• [Material for this task]
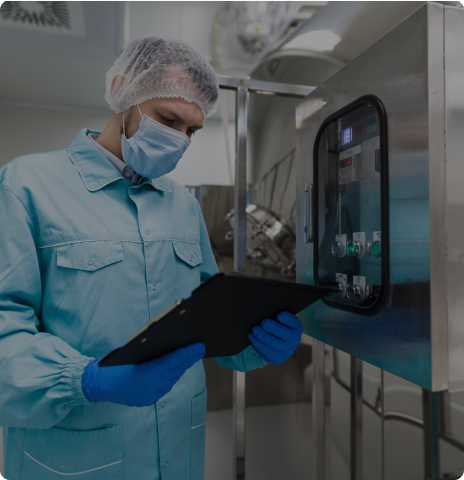 Manutenção em Equipamentos Biomédicos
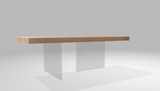 Table AIR — 217W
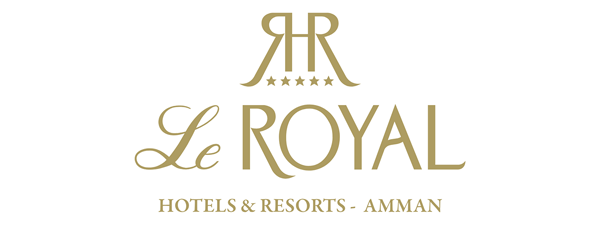le-royal-hotels-and-resorts-amman-by-bluebay-logo-vector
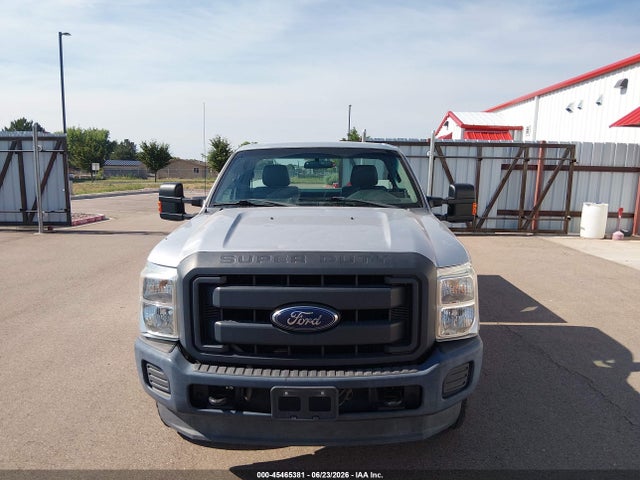 1FDBF2B67GEC62496 Ford F-250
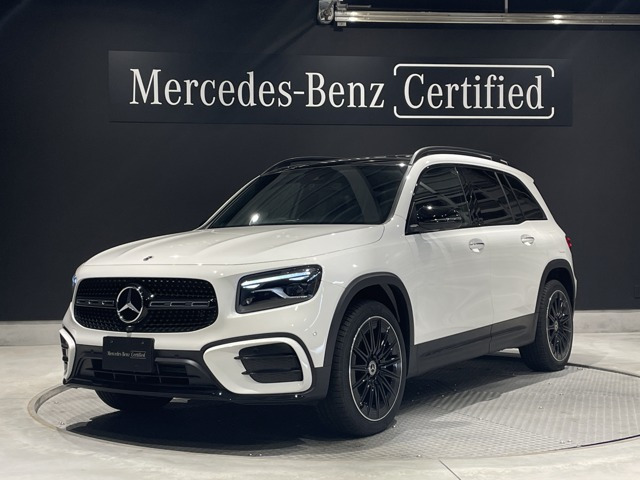 GLB GLB200d 4マチック アーバン スターズ ディーゼル 4WD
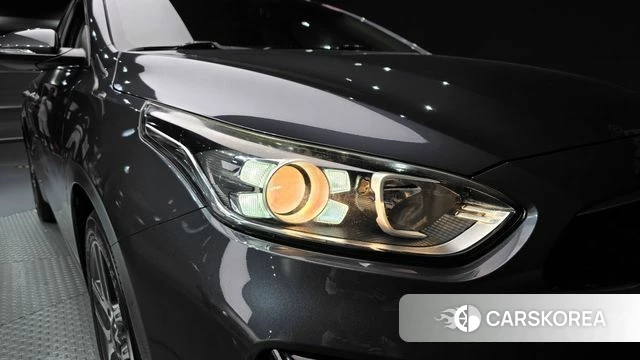 Kia Come New K3 id 4873583 из Кореи 14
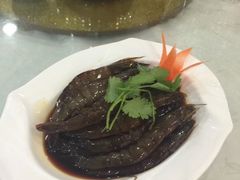 -利鸿私宴(南京路步行街店)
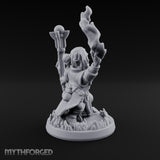 Second Helpings of Adventure Halfling Adventurer C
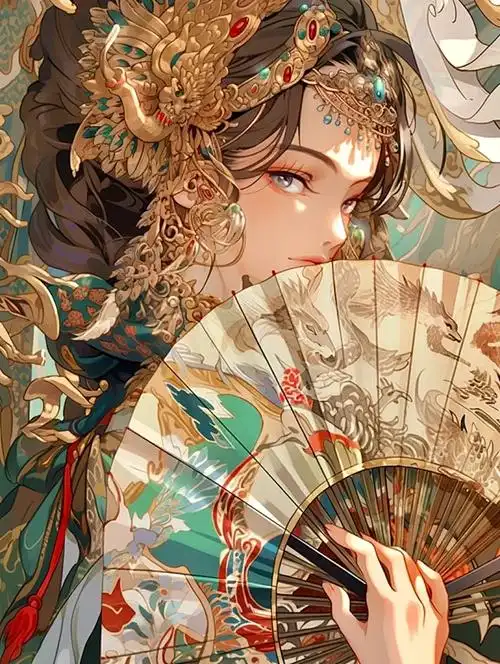 一封未寄的信 电影海报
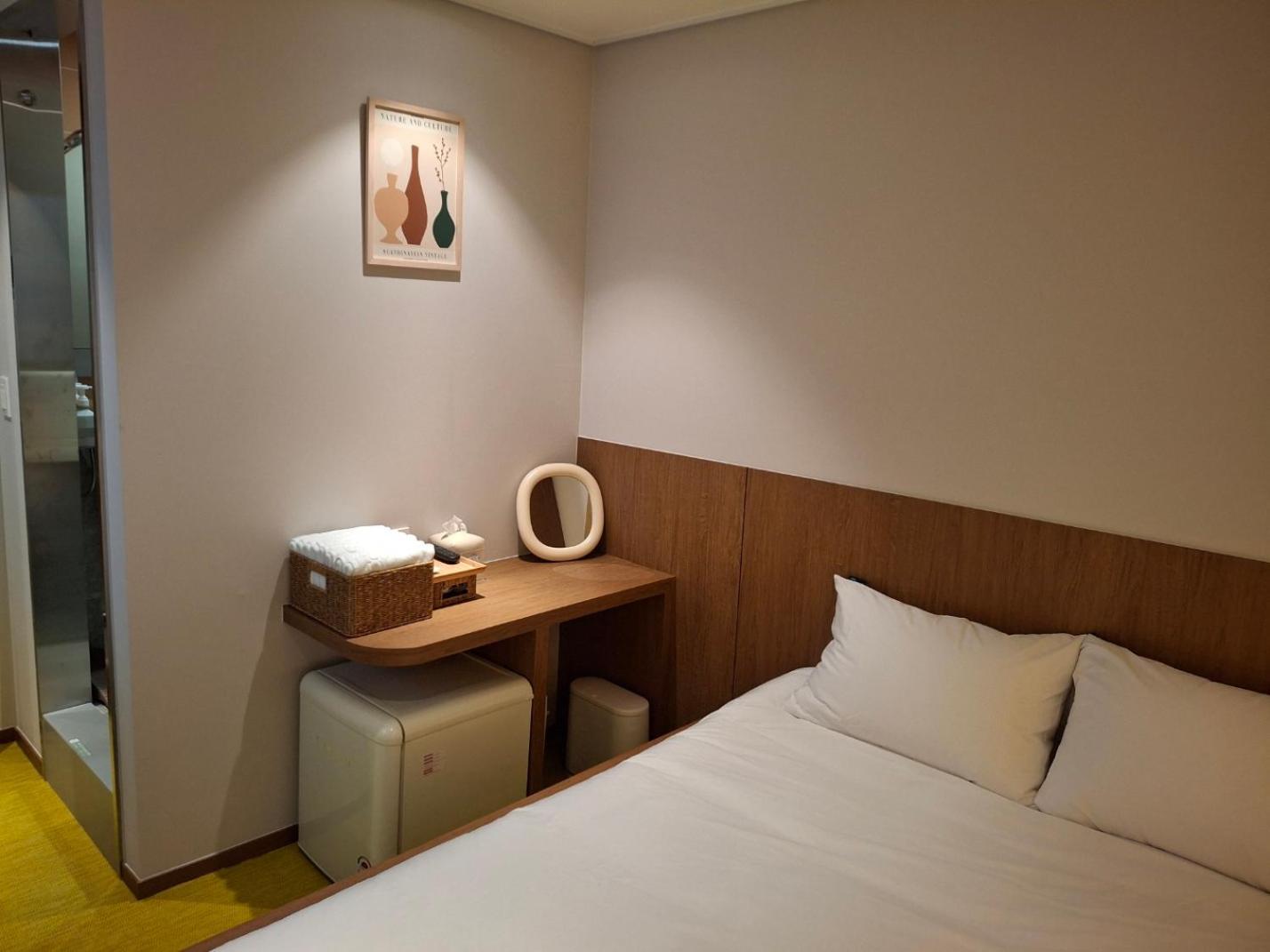 Huga Inn Сеул Екстериор снимка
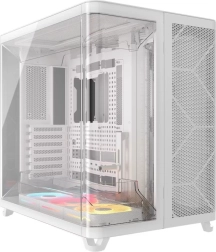 Računalno kućište AIR 5400 LX-R LINK Mid Tower bijelo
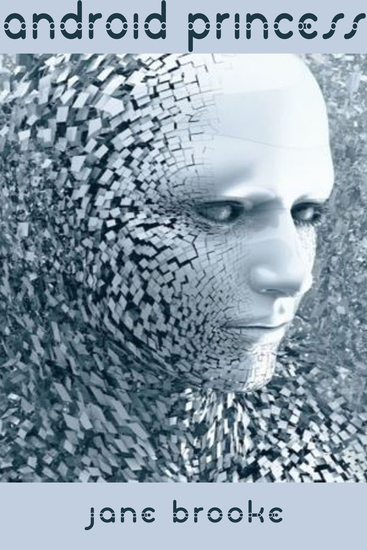 Android Princess - cover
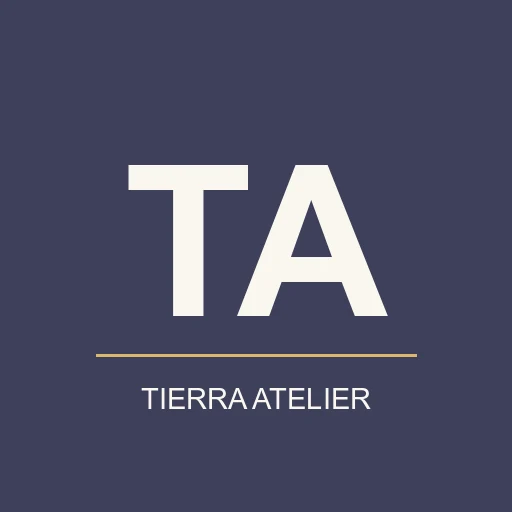 Logo de Tierra Atelier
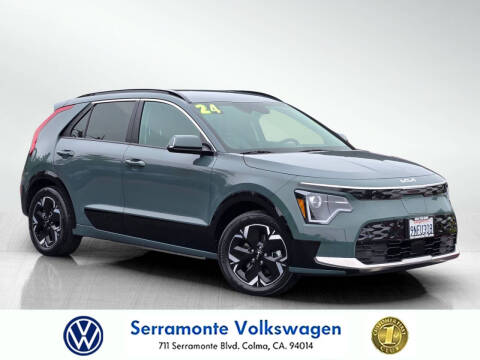 2024 Kia Niro EV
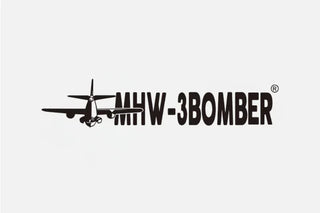 MHW-3Bomber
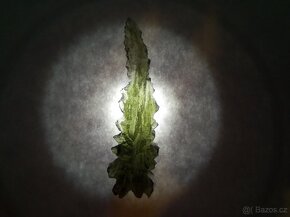 Vltavín - Besednice - 9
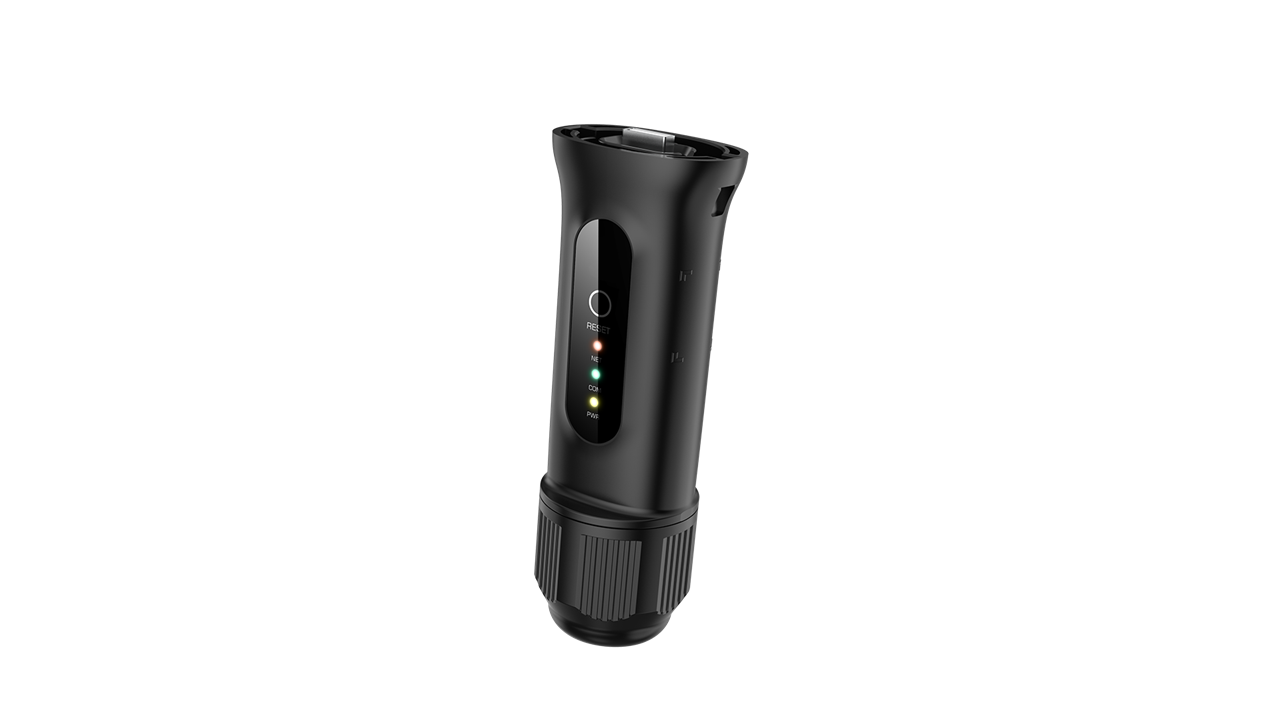 Solis data logging stick from ITS Technologies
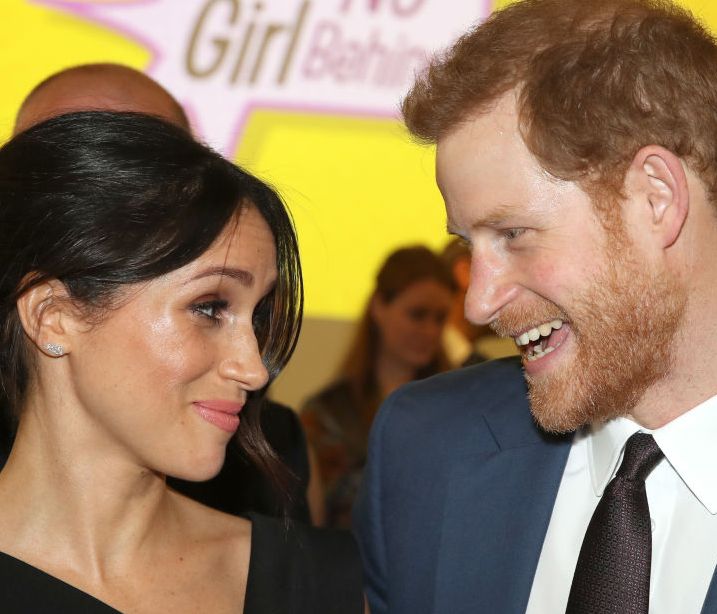 Όλη η αλήθεια για το ταξίδι μέλιτος της Meghan με το Harry: Το κρυφό μέρος που θα σε ενθουσιάσει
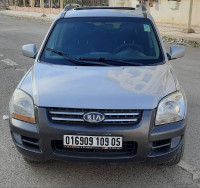 voitures-kia-sportage-2009-batna-algerie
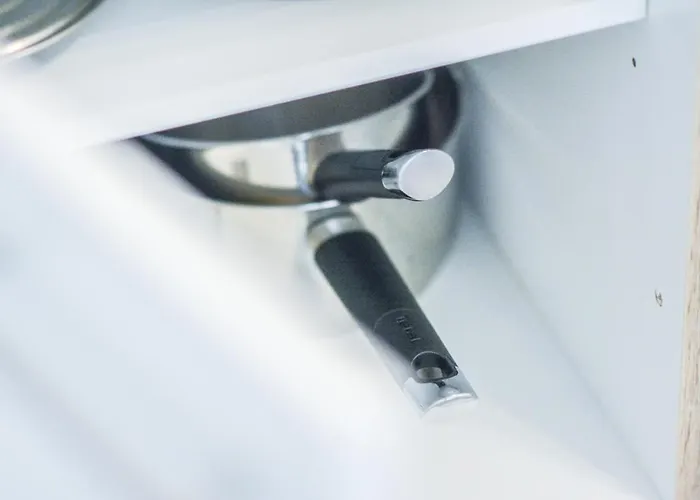 Apartment Il Mare 8 Luxembourg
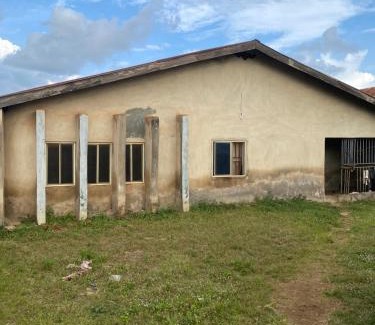Akure Apartment | Mansion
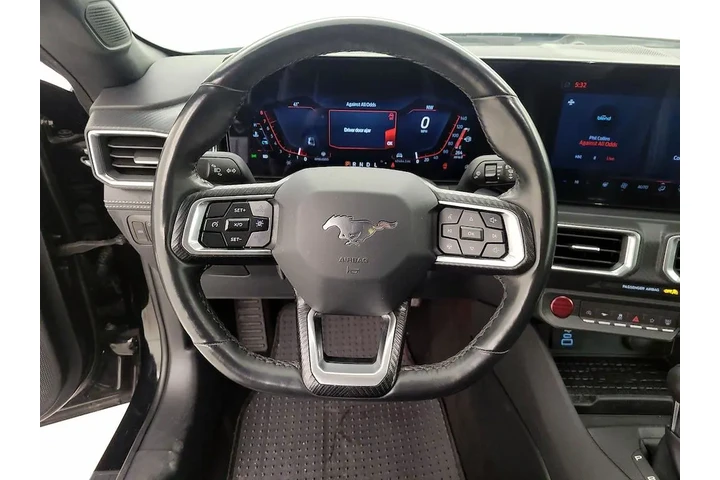 $29998 : Ford Mustang 2024 EcoBoost 2 image 10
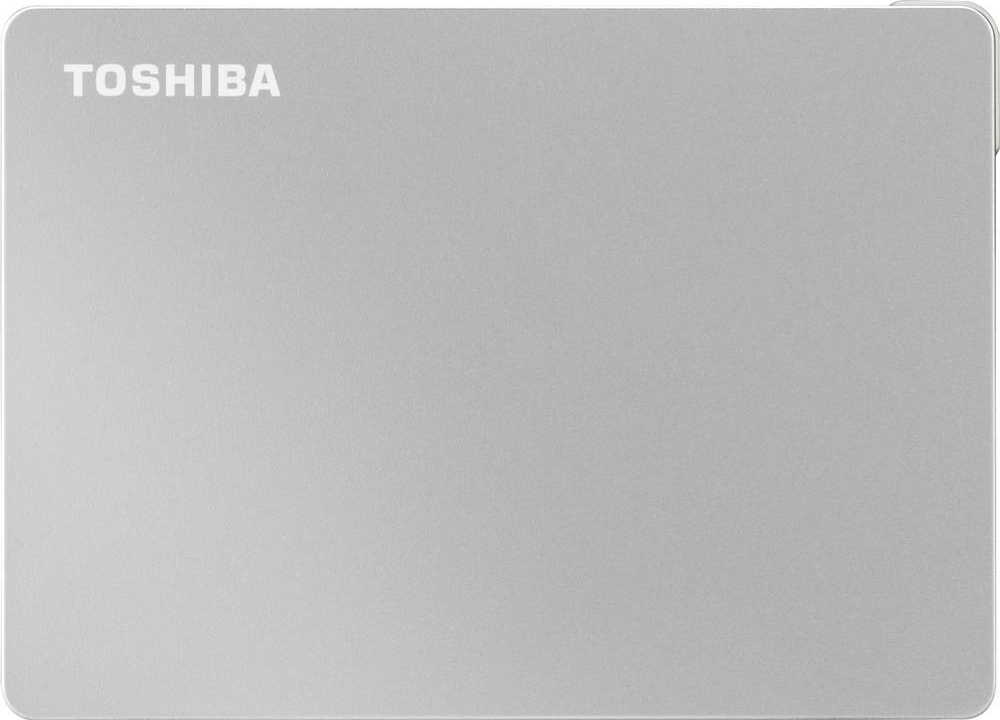 Toshiba CANVIO FLEX 2TB, HDTX120ESCAA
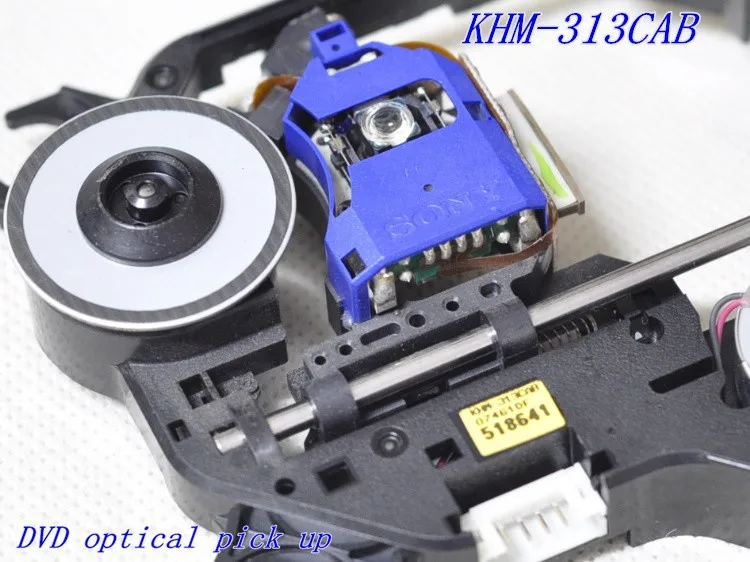 313CAB DVD оптический дисковод KHS-313A с механизмом KHM-313CAB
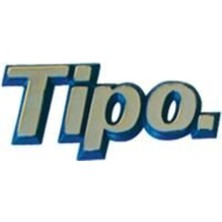 Ayhan Arka Yazı Tipo 10 Adet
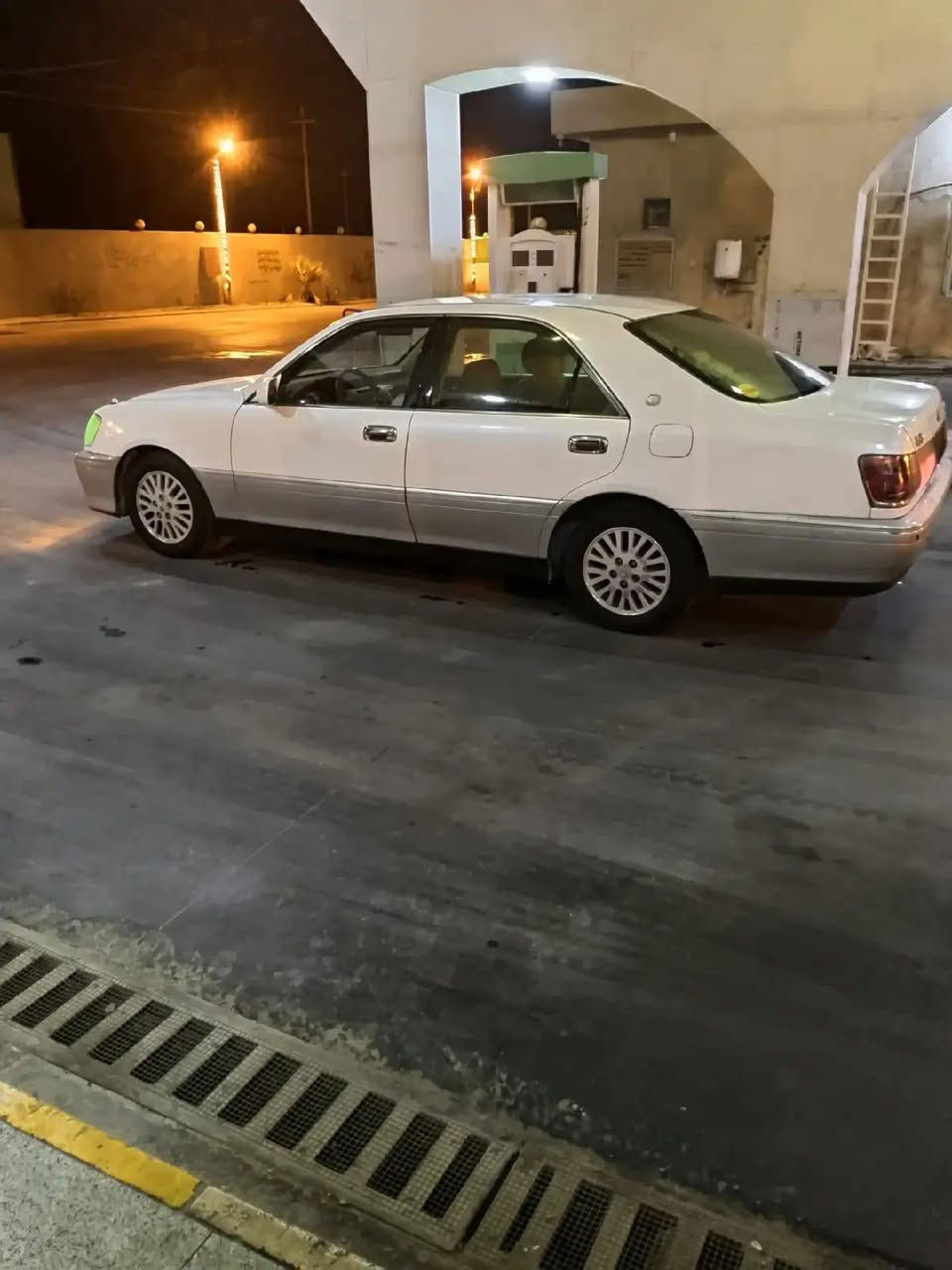 سلام عليكم ملكه جنون 2002نضيفه كلش ادوات دخول جديد بدون ارقام حداده وتبريد وكهربايات كله جديد تخم تاير جديد مكاني بصره ابو الخصيب استفسار *********** سعر 35وبيه مجال
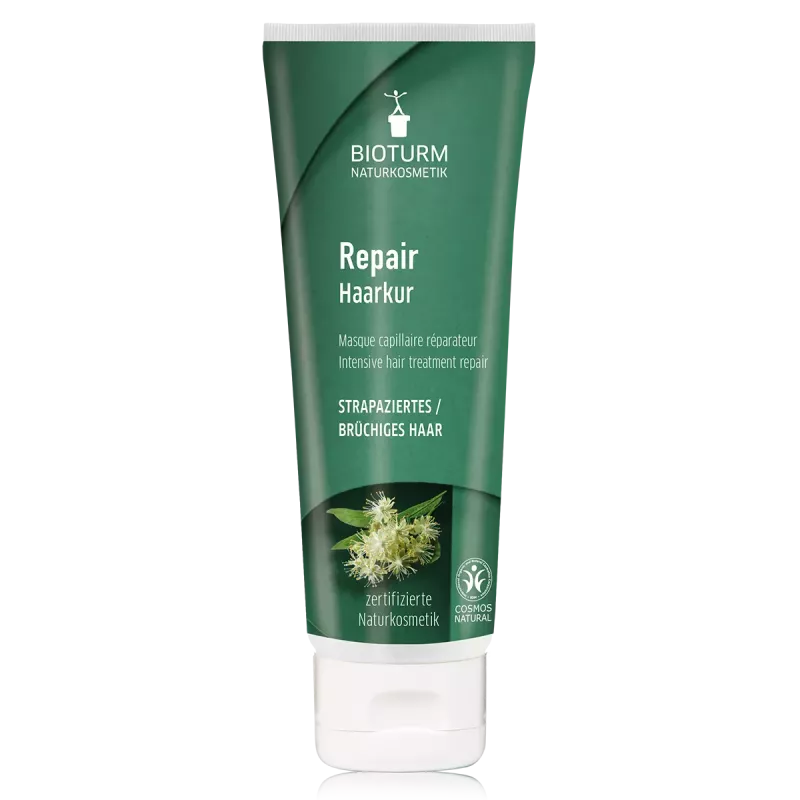 Bioturm Haarkur Repair Nr.113 - Haarkur Repair, intensive Extrapflege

• [About this task]
Print, word for word, the lines above that run from the line containing "Second Helpings of" to the line containing "سلام عليكم ملكه", both included. Keep the pictures out.

• [Result of this task]
 Second Helpings of Adventure Halfling Adventurer C
 一封未寄的信 电影海报
 Huga Inn Сеул Екстериор снимка
 Računalno kućište AIR 5400 LX-R LINK Mid Tower bijelo
 Android Princess - cover
 Logo de Tierra Atelier
 2024 Kia Niro EV
 MHW-3Bomber
 Vltavín - Besednice - 9
 Solis data logging stick from ITS Technologies
 Όλη η αλήθεια για το ταξίδι μέλιτος της Meghan με το Harry: Το κρυφό μέρος που θα σε ενθουσιάσει
 voitures-kia-sportage-2009-batna-algerie
 Apartment Il Mare 8 Luxembourg
Akure Apartment | Mansion
 $29998 : Ford Mustang 2024 EcoBoost 2 image 10
 Toshiba CANVIO FLEX 2TB, HDTX120ESCAA
 313CAB DVD оптический дисковод KHS-313A с механизмом KHM-313CAB
 Ayhan Arka Yazı Tipo 10 Adet
 سلام عليكم ملكه جنون 2002نضيفه كلش ادوات دخول جديد بدون ارقام حداده وتبريد وكهربايات كله جديد تخم تاير جديد مكاني بصره ابو الخصيب استفسار *********** سعر 35وبيه مجال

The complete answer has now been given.